Variants

There have been many Paxos variants introduced over the years. These variants concentrate on making the basic Paxos algorithm more efficient. We talk about some of these variants chronologically below and point out the most important properties of each variant.

Disk Paxos

Every replicated component in multi-decree Paxos is a process, actively sending and receiving messages. Disk Paxos is a variant of Paxos that replaces acceptor processes with disks that support only read block and write block operations to store the quorum state. This way, Disk Paxos does not need separate acceptor processes. In Disk Paxos, each leader owns a block on every disk to which it can write its messages. To run phase 1 of the Synod protocol, a leader executes the following for each disk. The leader writes a p1a message in its own block on the disk and reads the blocks of other leaders on the same disk to check if there is a p1a message with a higher ballot number. If the leader does not discover a higher ballot number on a majority of disks, its ballot is adopted. If it discovers a p1a message with a higher ballot number, it starts over with a higher ballot number.
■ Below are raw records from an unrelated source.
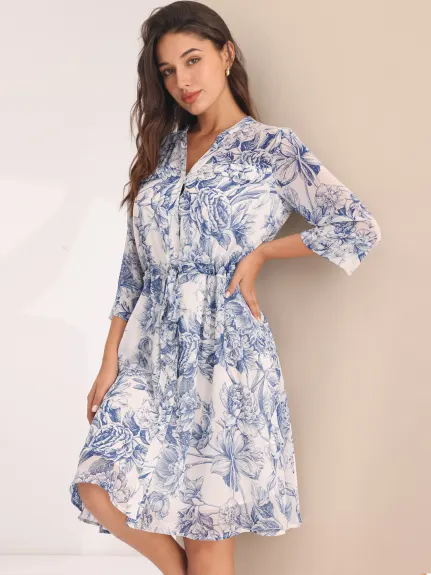 Hobemty- Floral Half Sleeve Tie Waist Button Down Dress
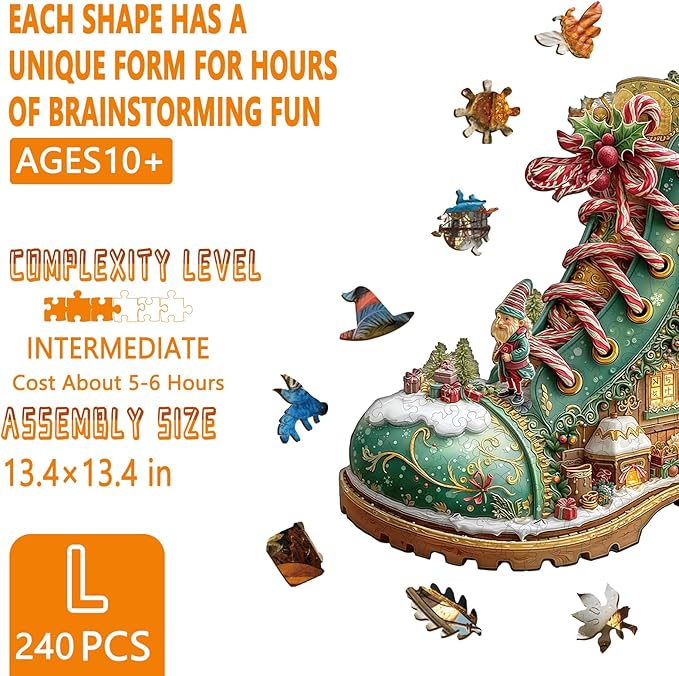 Wooden Puzzles for Adults, Christmas Snow Boot Hut Wooden Jigsaw Puzzle for Adults, Unique Shape Wood Puzzles Adult, Presents for Women and Men, Wall Art Home Decor(L-13.4 * 13.4in- 240 Pieces)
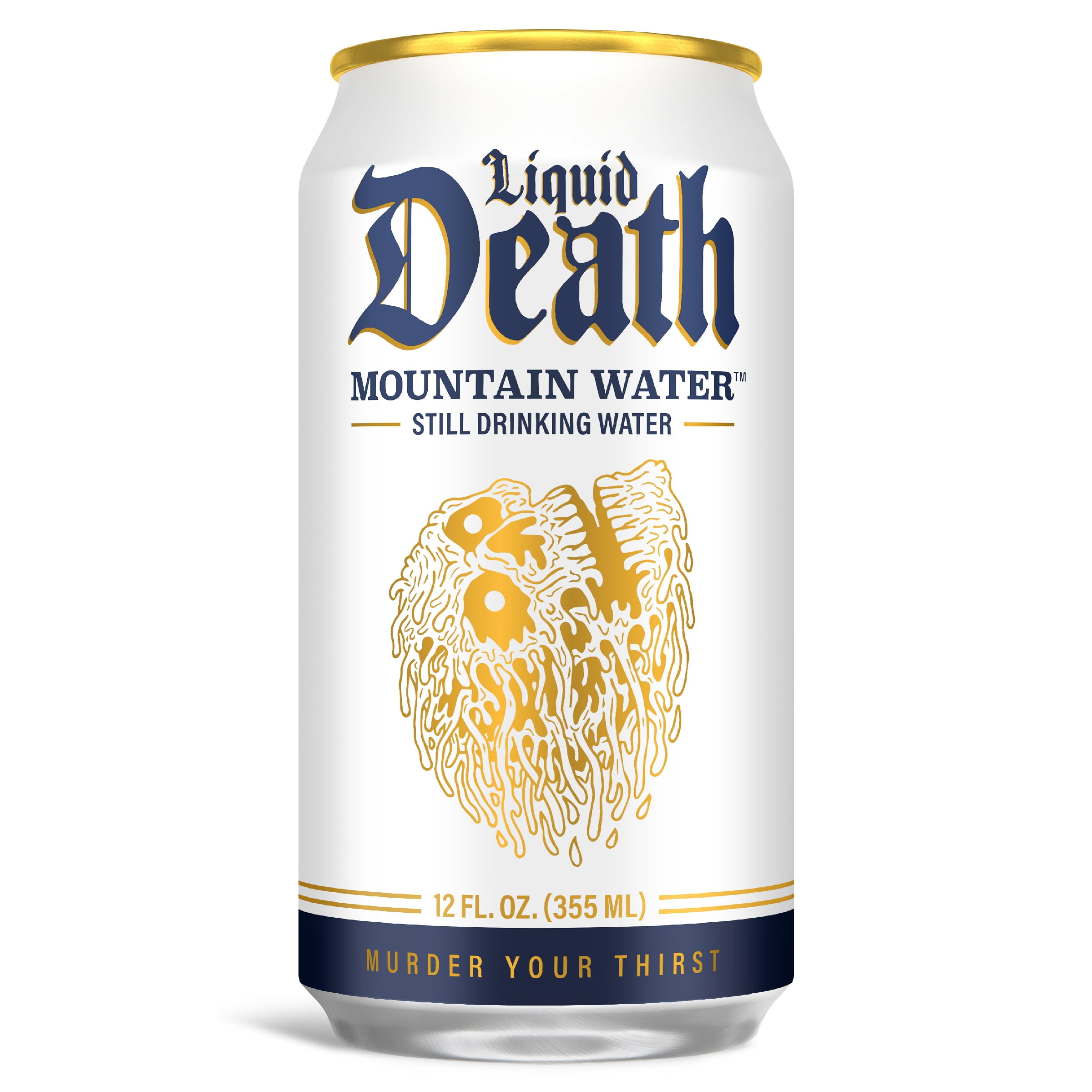 Liquid Death, Still Mountain Water, 6-Pack (12oz Cans), Natural Mountain Source, Infinitely Recyclable Ice-Cold Cans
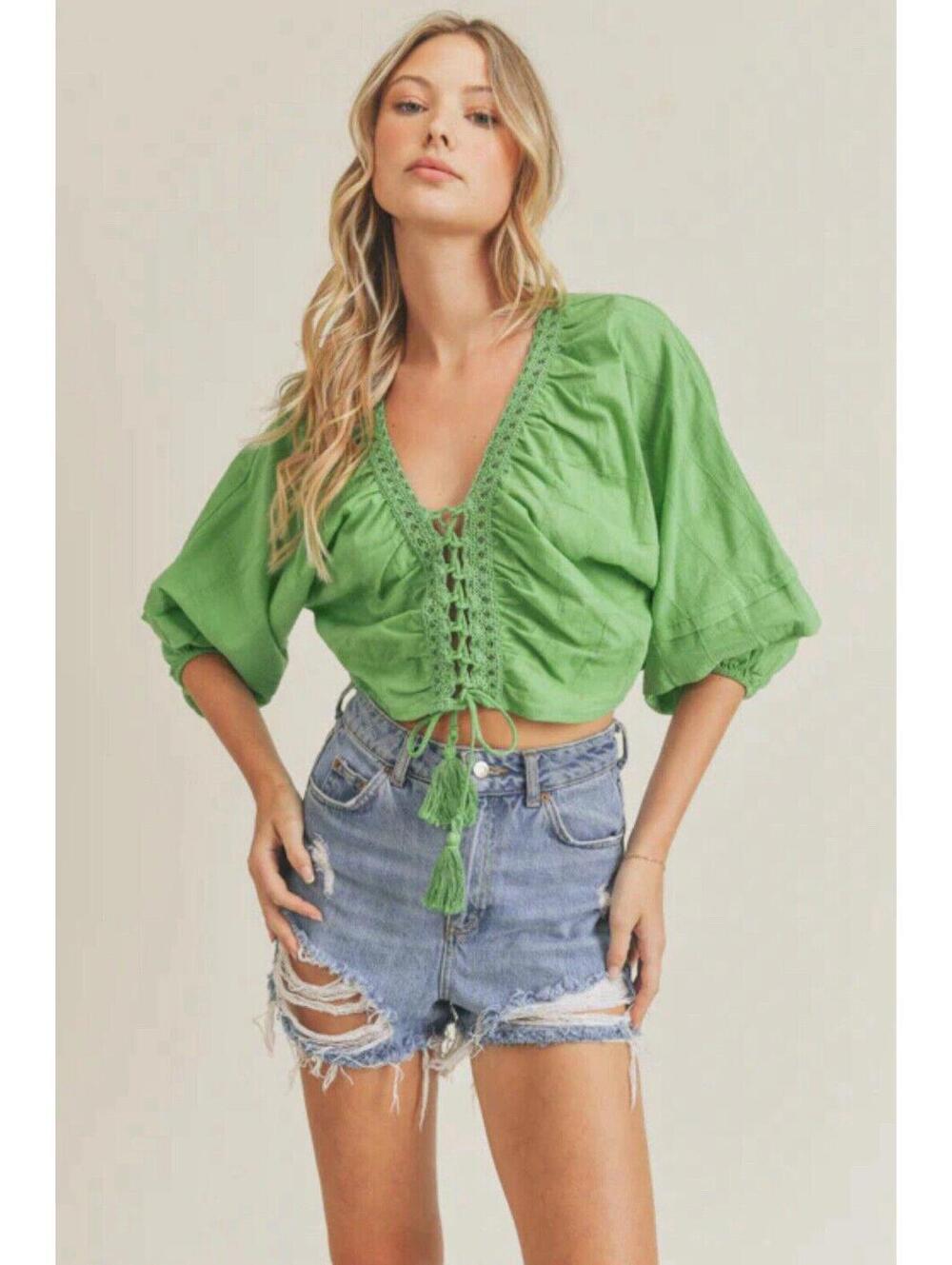 LUSH Set Sail Lace Up Blouse - Green | Women’s sz Small -NWT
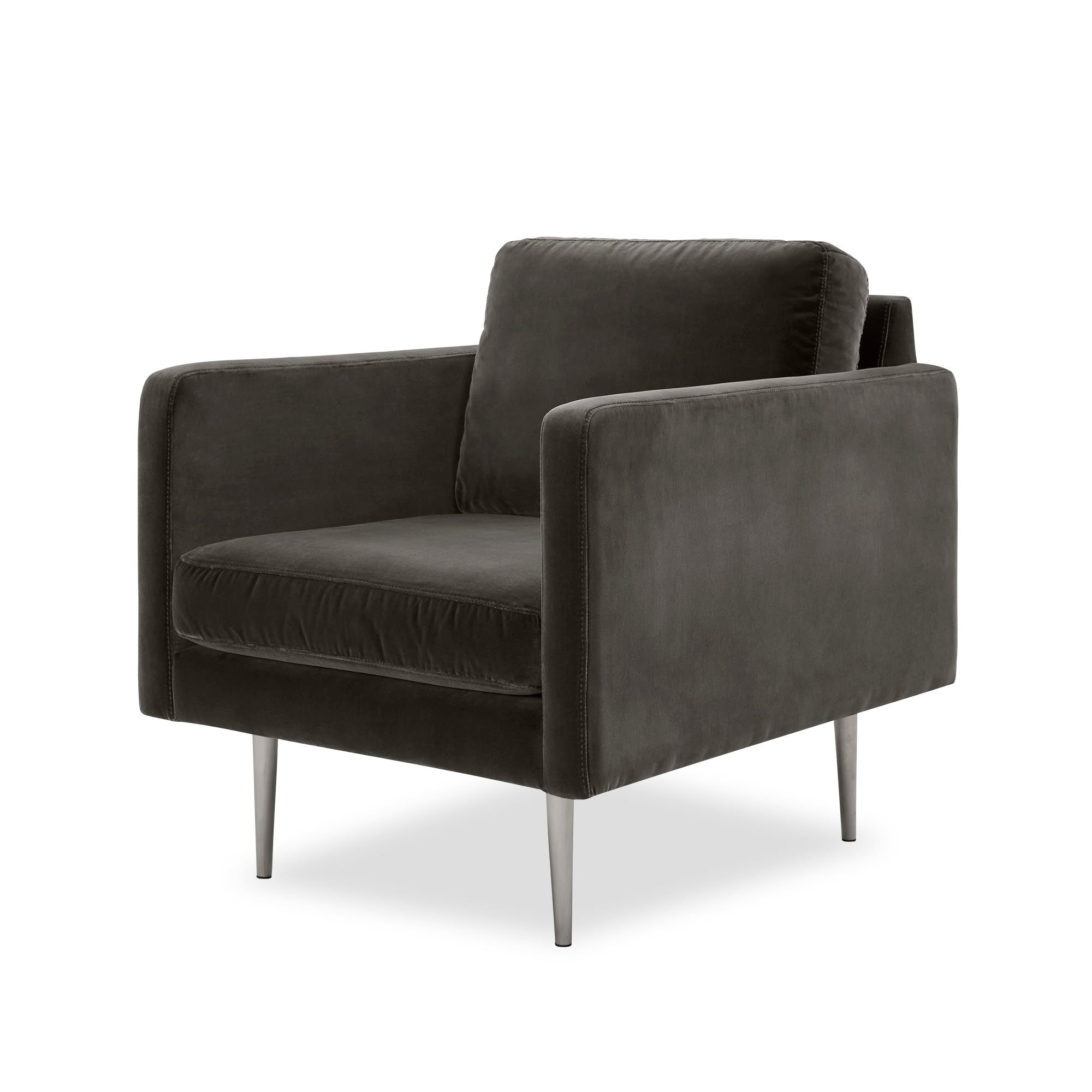 Fauteuil JOREL velours gris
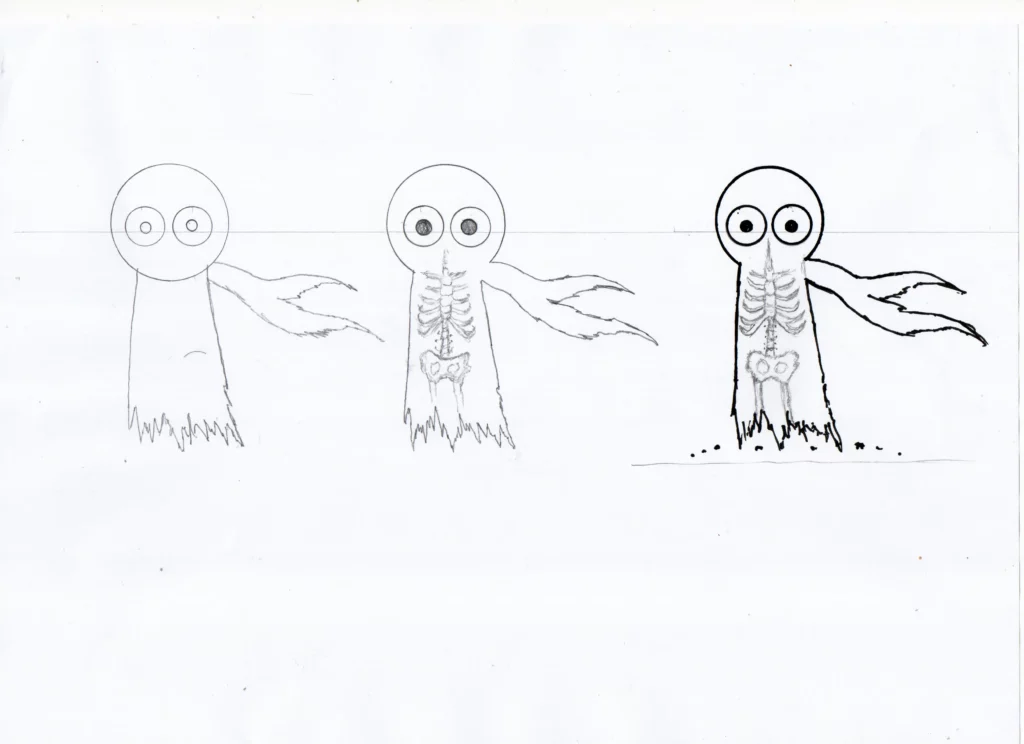 Croquis du personnage KIRO avec une version anatomique révélant un squelette à l’intérieur de son corps.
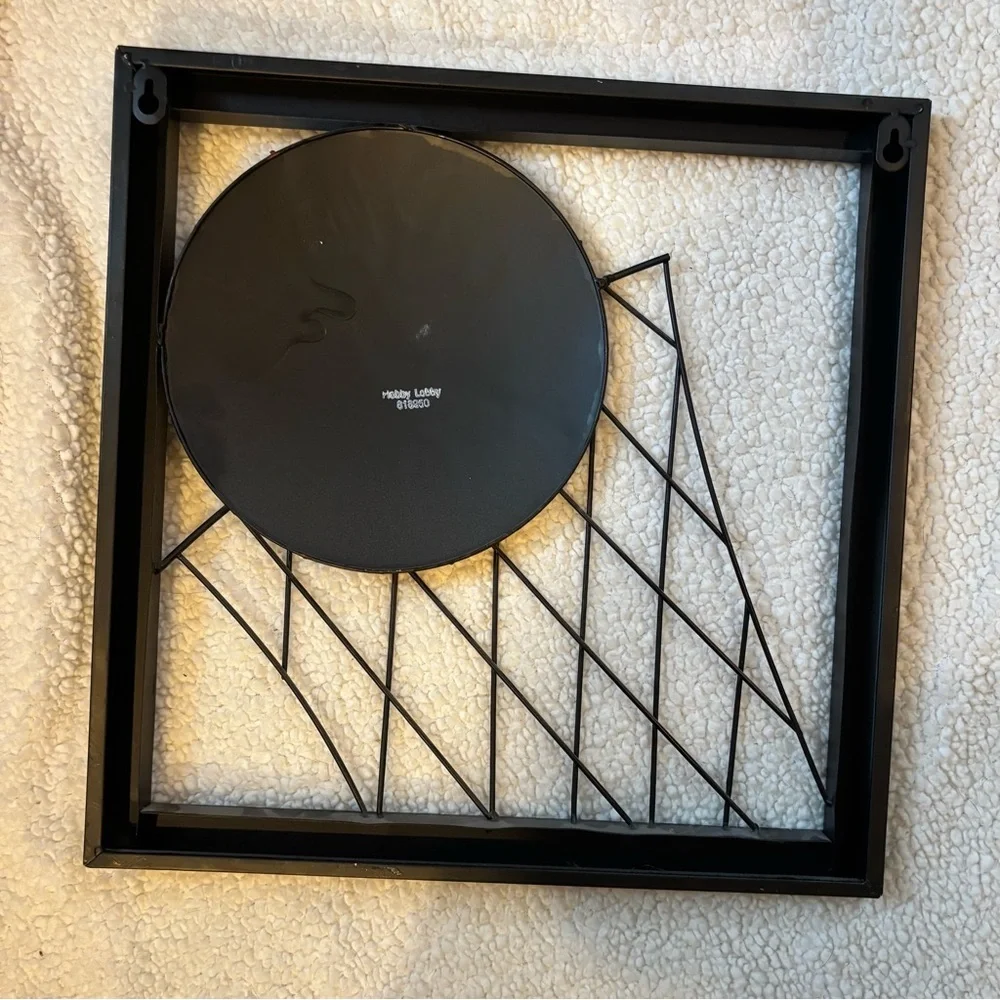 3D Metal Basketball Wall Art w/ Black Frame 16x16 for Boys Room, Bar, Man Cave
For phase 2, the leader repeats the same process with p2a messages to determine if its proposals are accepted.

Cheap Paxos

Multi-decree Paxos requires 2f+1 acceptors and f+1 replicas to tolerate f failures. Cheap Paxos uses only f+1 acceptors combined with f cheap additional auxiliary acceptors that are kept idle during normal execution, unless there is a failure. Cheap Paxos is a variation of the reconfigurable multi-decree Paxos algorithm that relies on the observation that a leader can send its p1a and p2a messages to a fixed quorum of acceptors. As long as all acceptors in that quorum are working and can communicate with the leaders, there is no need for acceptors not in the quorum to do anything.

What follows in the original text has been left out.